§ **Instructions for the task**: Copy out the data word for word, without any of its pictures.

§ **Data segment**:
******
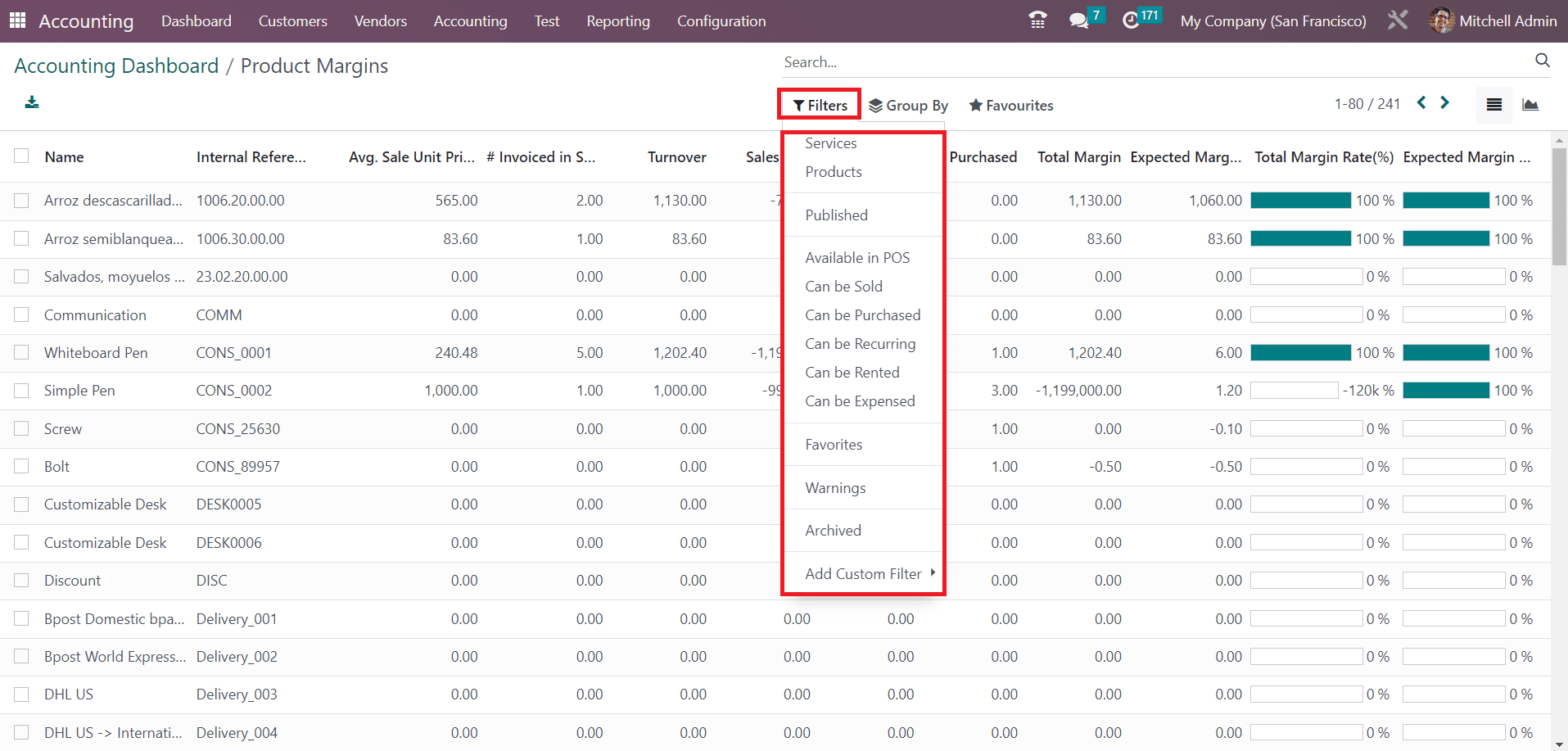 An Overview of Invoice & Margin Analysis with Odoo 16 Accounting-cybrosys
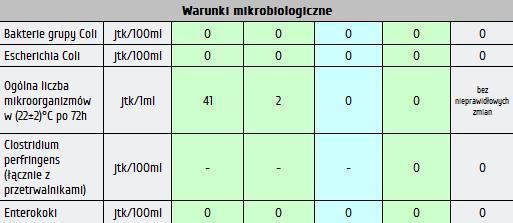 Tabela 22.Warunki fizykochemiczne wody pitnej na terenie gminy Nysa (stan na rok 2014). źródło: wikakwa.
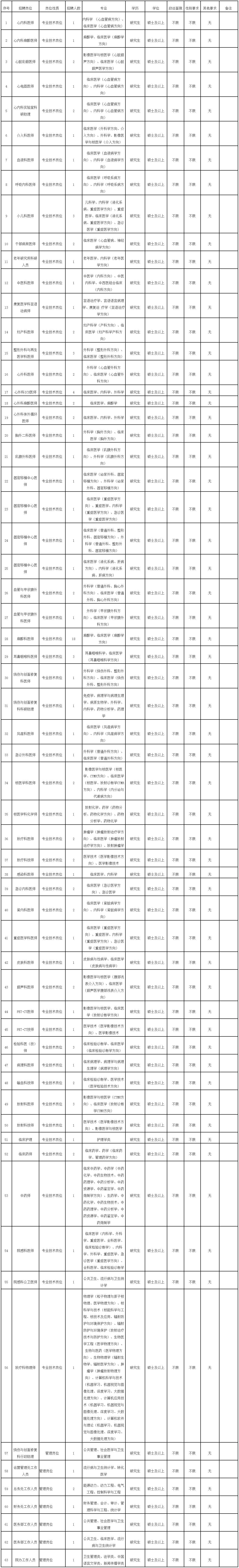 2023年福建医科大学附属协和医院公开招聘工作人员方案（一） _ 招聘方案 _ 省人社厅.png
******
§ **Output below**:
 An Overview of Invoice & Margin Analysis with Odoo 16 Accounting-cybrosys
 Tabela 22.Warunki fizykochemiczne wody pitnej na terenie gminy Nysa (stan na rok 2014). źródło: wikakwa.
 2023年福建医科大学附属协和医院公开招聘工作人员方案（一） _ 招聘方案 _ 省人社厅.png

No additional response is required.